We used conditional multivariate logistic regression to estimate odds ratios (ORs) for invasive breast cancer in subjects with a linear (log-odds additive) scoring for 0, 1 or 2 copies of the minor allele of each SNP. We also used conditional logistic regression with additive scoring and the most common haplotype as the referent to estimate haplotype-specific ORs using an expectation-substitution approach to assign haplotypes based on the unphased genotype data and to account for uncertainty in assignment [16, 17]. Haplotype frequencies and expected subject-specific haplotype indicators were calculated separately for each cohort (and country within EPIC or ethnicity in the MEC). We combined rare haplotypes (those with estimated individual frequencies less than 3% in all cohorts) into a single category, which had a combined frequency of less than 1% of the controls for both genes and both linkage disequilibrium (LD) blocks of GNRHR. To test the global null hypothesis of no association between variation in GNRH1/GNRHR haplotypes and htSNPs and risk of invasive breast cancer (or subtypes defined by receptor status), we used a likelihood ratio test comparing a model with additive effects for each common haplotype (treating the most common haplotype as the referent) to the intercept-only model.

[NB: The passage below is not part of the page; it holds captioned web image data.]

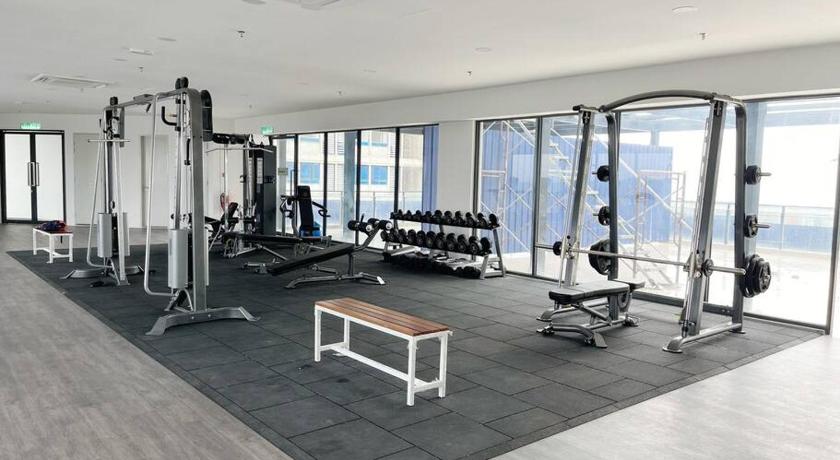 #HS Studio S&THomez 盛婷民宿 Horizon Suite WiFi&NetFlix KLIA photo
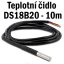 Teplotní čidlo DS18B20 HI-DS43-10 - Vodotěsné 10m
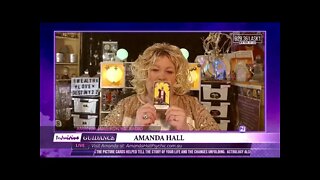 Amanda Hall Psychic - May 31, 2022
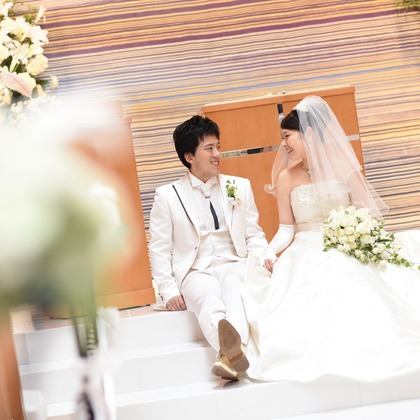 PIC WEDDING PHOTO（設楽 美鈴）が撮影した「:albumName」の写真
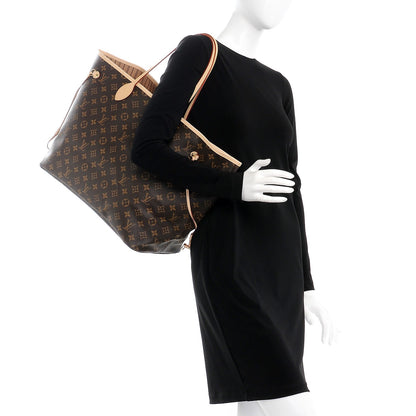 Louis Vuitton Monogram Neo Neverfull GM 2 of 9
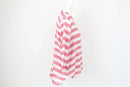 Old Khaki red and white stripe shirt - 12-3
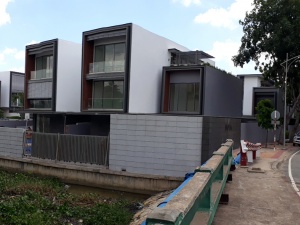 Công ty cổ phần TDS bị phạt 1 tỷ đồng do xây dựng sai phép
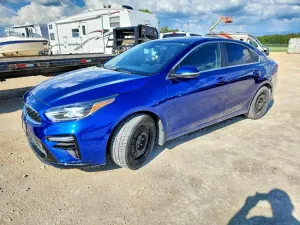 Kia Cerato / Forte / K3 2.0L 4 2020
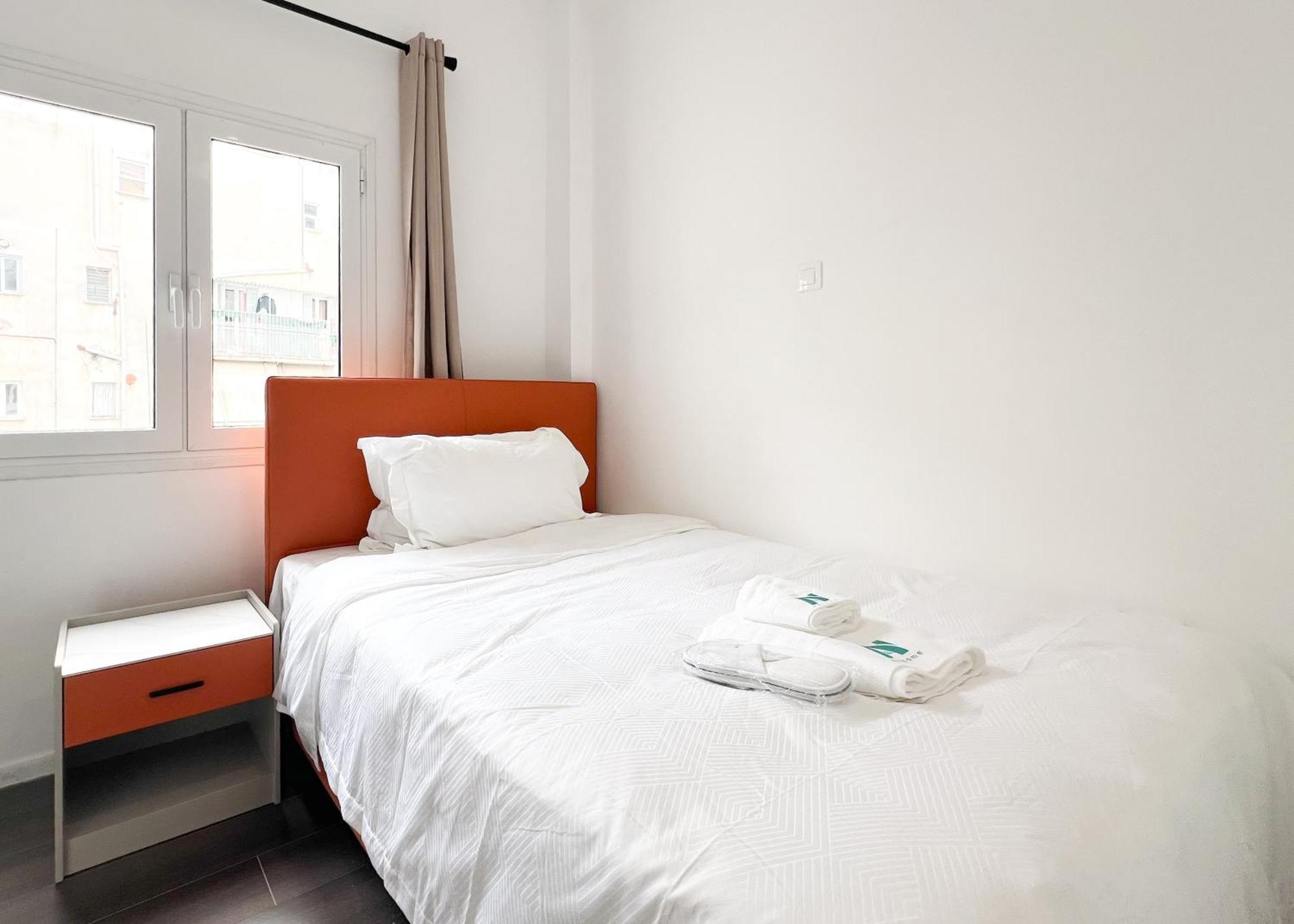 Anhome K11 Serviced Apartments Plus Athen Exterior foto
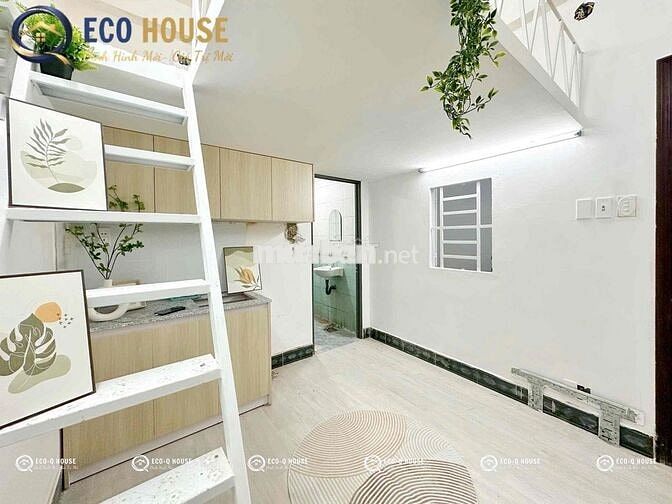 KHAI TRƯƠNG DÃY TRỌ FULL NỘI THẤT BAN CÔNG CHỈ TỪ 4TR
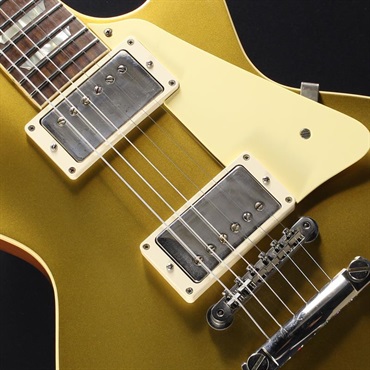 Gibson 1957 Les Paul Goldtop Reissue VOS (Double Gold) #7 3104【キズあり特価】 画像3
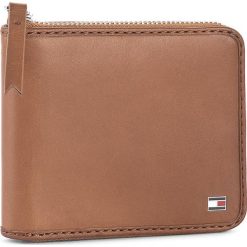 Portfele męskie: Duży Portfel Męski TOMMY HILFIGER – Th Casual Square Za AM0AM02654 279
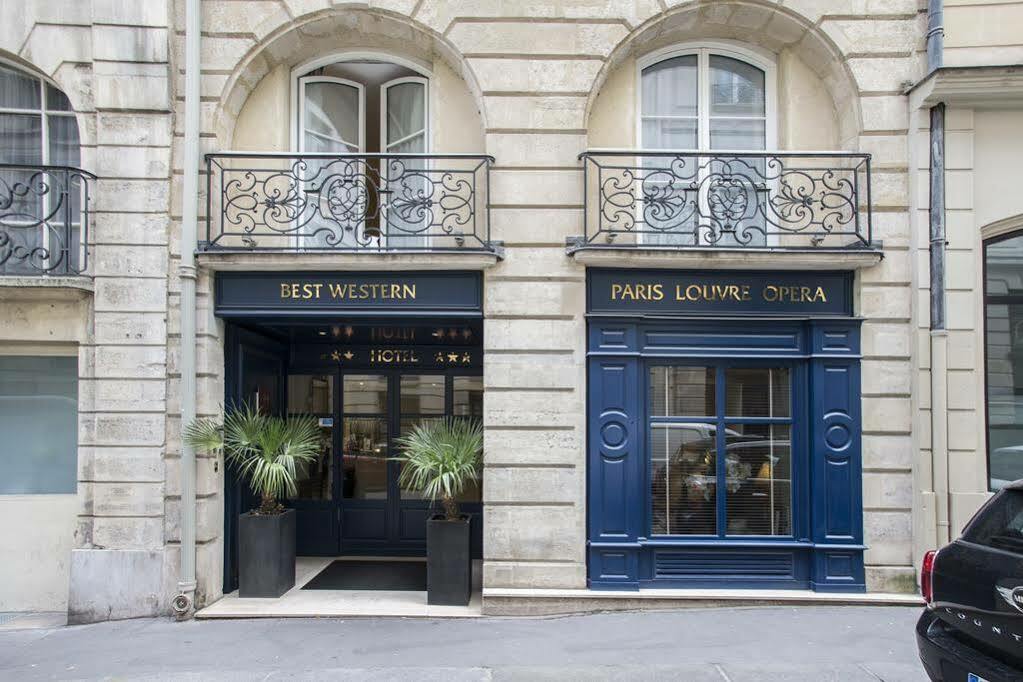Hotel Louvre Opéra Parigi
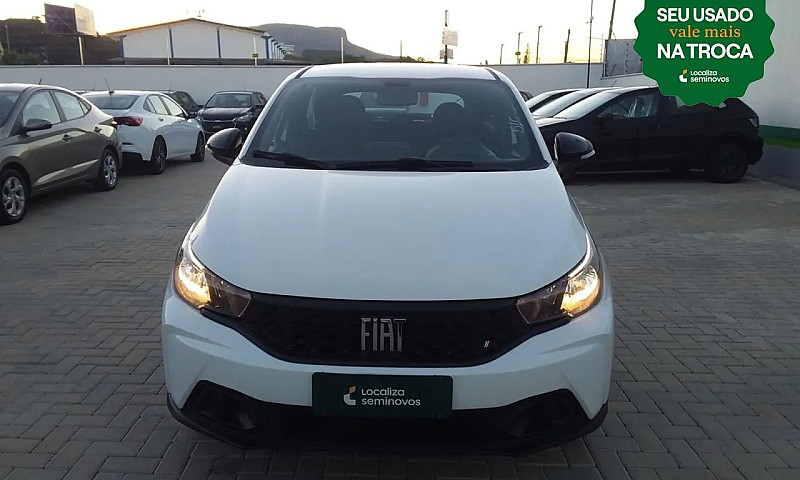 Fiat Argo Drive 1.0 ...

We performed subgroup analyses stratifying by cohort, ethnicity, country within EPIC, estrogen receptor/progesterone receptor status, metastatic vs. localized disease, and age at diagnosis (≤55 years vs. >55 years). We also investigated interactions between single SNPs or haplotypes and completion of a full term pregnancy (ever/never), age at first full term pregnancy (in three categories: nulliparous, ≤24, >24), body mass index (BMI in kg/m2 in three categories: <25, 25–29, ≥30), height (<160 cm, 160–165 cm, >165 cm), smoking status (never/former/current smoker), and use of menopausal hormone therapy (ever/never). Other common risk factors, including family history of breast cancer, personal history of benign breast disease, and age at menopause were unavailable for large numbers of women, and therefore were not included in the models.

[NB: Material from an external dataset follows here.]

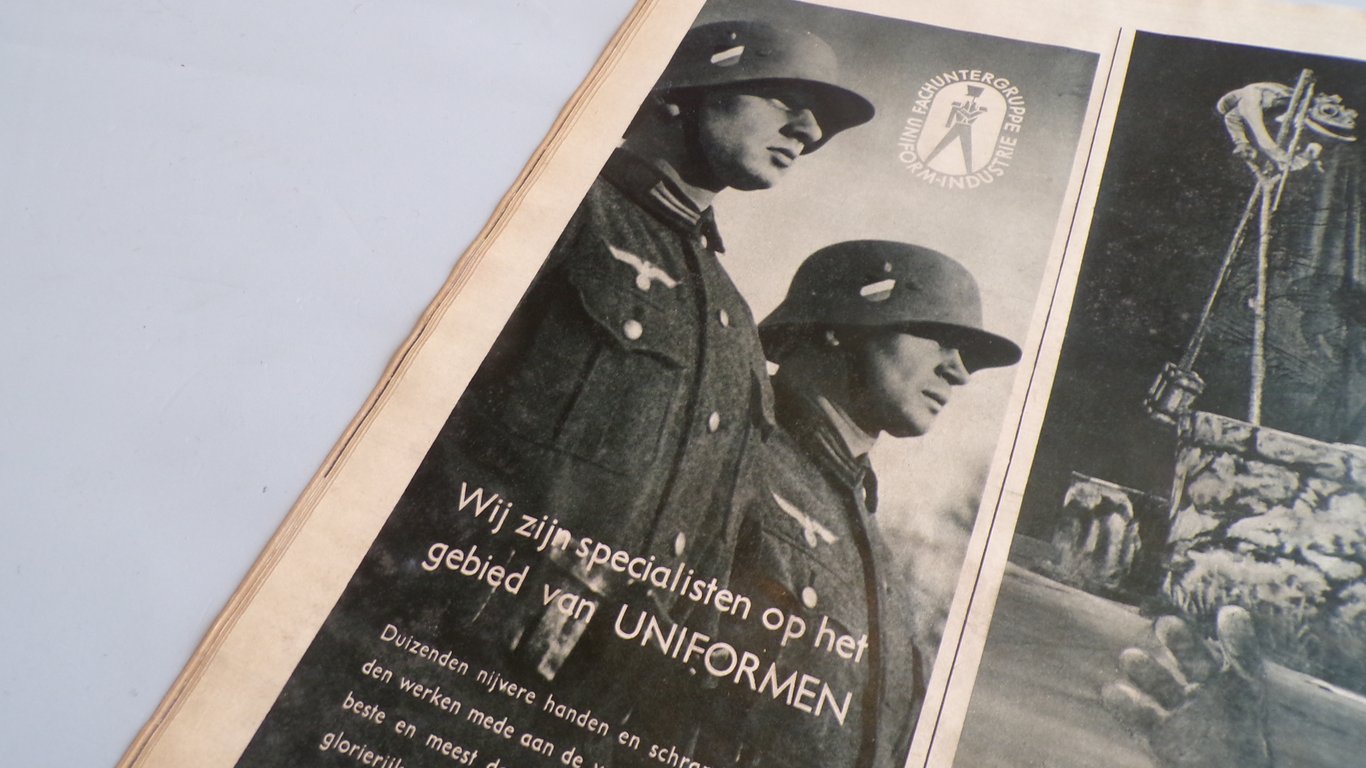 Signaal magazine (Dutch) Nr. 9 1941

Relationships of genetic variants with serum hormone levels were estimated by standard regression models, adjusted for BMI, age, assay batch, ethnicity, and country within EPIC. These analyses were performed both using all the study subjects for whom hormone levels have been measured, and only the controls, who represent the populations giving rise to the cases.